En el transcurrir de las horas se repiten una y otra vez estos desenlaces, pero, con un añadido: existen familiares que han tenido contacto directo con el cadáver, por lo que inexcusablemente están aislados en sus domicilios sin posibilidad de concurrir a la ceremonia. Todo es muy frío y apático, los únicos testigos que avalan la sepultura son los mismos operarios. De ahí, que en estos días existan infinidad de prejuicios de los enterramientos, al no presenciarse personalmente.

Siguiendo esta instantánea: Ya, desde muy temprano, el crematorio está presto para acoger los primeros féretros, lógicamente, todos por coronavirus. Como incinerador, resguardado con un traje de buzo, calzas para los pies, gafas, mascarillas y guantes, saca el primer ataúd de la nevera y lo deposita en el primer horno. Conocedor del previsible contagio al que está expuesto, incrementa las reservas de prevención: convenientemente, se ajustan tres turnos independientes que no se eslabonen entre sí, al objeto de impedir una infección en cadena que anularía un servicio tan esencial.

Habitualmente, una incineración se alarga una media de dos horas a 900 grados de calor, más otras dos horas obligatorias para que el horno se refrigere. Computándose aproximadamente, un total de veinte cuerpos diarios.

La escasez de medios y el aumento en los decesos, han comportado que un sinfín de empresas dilaten las cremaciones. Alcanzándose cotas insospechadas ante la acumulación de ataúdes, que algunas funerarias han recurrido a la contratación de camiones refrigerados para mantener en correcta conservación los cuerpos.

Me refiero a trailers dispuestos como depósito de los fallecidos a cuatro grado de temperatura, cuando estos ya han sido registrados, precedentemente a su cremación o inhumación, en función de la determinación de las familias.

Las directrices de las funerarias son claras y minuciosas, si el extinto ha sido como resultado del coronavirus: el cadáver debe ser introducido en un sudario especial por los sanitarios o empleados de la residencia en la que pereció.

El saco de color crema lleva incorporado un aislamiento interno que imposibilita cualquier emanación; la cremallera de su cierre se afianza con un adhesivo adecuado, de modo, que resulta imposible abrirlo. Conjuntamente, el ataúd se rocía con un compuesto de agua y lejía para descartar algún residuo del virus.

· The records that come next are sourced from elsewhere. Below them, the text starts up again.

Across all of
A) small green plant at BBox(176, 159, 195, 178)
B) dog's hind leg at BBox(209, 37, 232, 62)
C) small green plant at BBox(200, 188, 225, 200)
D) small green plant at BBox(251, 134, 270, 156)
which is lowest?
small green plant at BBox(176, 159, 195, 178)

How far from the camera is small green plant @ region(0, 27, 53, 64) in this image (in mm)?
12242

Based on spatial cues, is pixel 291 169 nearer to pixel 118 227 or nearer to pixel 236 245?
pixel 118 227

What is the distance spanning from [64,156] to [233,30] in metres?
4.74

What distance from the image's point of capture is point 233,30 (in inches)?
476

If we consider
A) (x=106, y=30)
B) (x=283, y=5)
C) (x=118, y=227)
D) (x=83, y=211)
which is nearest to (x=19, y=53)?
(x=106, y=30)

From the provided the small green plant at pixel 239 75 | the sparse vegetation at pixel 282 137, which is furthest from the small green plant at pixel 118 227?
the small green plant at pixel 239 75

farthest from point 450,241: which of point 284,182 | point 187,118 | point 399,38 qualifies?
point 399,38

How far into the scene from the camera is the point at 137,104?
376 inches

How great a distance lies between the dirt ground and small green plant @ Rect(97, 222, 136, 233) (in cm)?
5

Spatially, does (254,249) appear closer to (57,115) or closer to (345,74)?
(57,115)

Amén, de estar suprimidas las autopsias o recoger muestras del organismo; los individuos que lo manejen tienen que estar provistos de un traje diferenciado que los aísle. La misma línea ha de seguirse con el ataúd en la cámara frigorífica, aislado de los demás, hasta la posterior incineración o inhumación.

Más tarde, la superficie del área respectiva se somete a una desinfección profunda, a la par, que los vehículos usados en el transporte. Además, uno de los inconvenientes de salud pública a los que se enfrenta el sector funerario radica, que entre los muertos se halle algún familiar contagiado y dicho matiz no conste en el Certificado de Defunción.

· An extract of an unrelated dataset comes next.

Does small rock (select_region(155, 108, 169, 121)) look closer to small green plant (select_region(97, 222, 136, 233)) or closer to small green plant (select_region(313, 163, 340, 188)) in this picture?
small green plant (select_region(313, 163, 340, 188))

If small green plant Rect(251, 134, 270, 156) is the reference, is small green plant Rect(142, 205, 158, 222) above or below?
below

Los temores se desencadenan cuando el óbito es octogenario, con más de 70 años y el origen del tránsito revela ‘insuficiencia respiratoria’ o una dolencia relacionada como ‘bronconeumonía’.

De lo descrito en este texto, prevalece un pensamiento que nunca se disocia del sepulturero o enterrador, cuando su misión alcanza la cúspide en el que se acaba todo para quién terrenalmente ya no está: las gentes al no ver al difunto, se quedan en estado shock traumático y con desazón les interpela a quienes lo entierran, si quién allí yace, es verdaderamente su ser querido.

Entre tanto mutismo e incomunicación, ¡esta es la cruda realidad!, el sepulturero, por sensatez y fidelidad desempeña a rajatabla los protocolos de seguridad, pero, al menos, ansía el alivio de los allí presentes e intenta darle al servicio la mayor dignidad, para que los asistentes le digan el último adiós con un abrazo imperecedero en la paz.

Consecuentemente, pensemos por unos instantes, dentro del entorno social que estamos padeciendo con la presencia del coronavirus, en este colectivo ejemplar al que no se le otorga, o al menos, esa es la sensación, el reconocimiento que merece, porque sin ellos, los sepultureros, las honras fúnebres de nuestros seres queridos, sería una herida infinitamente superior.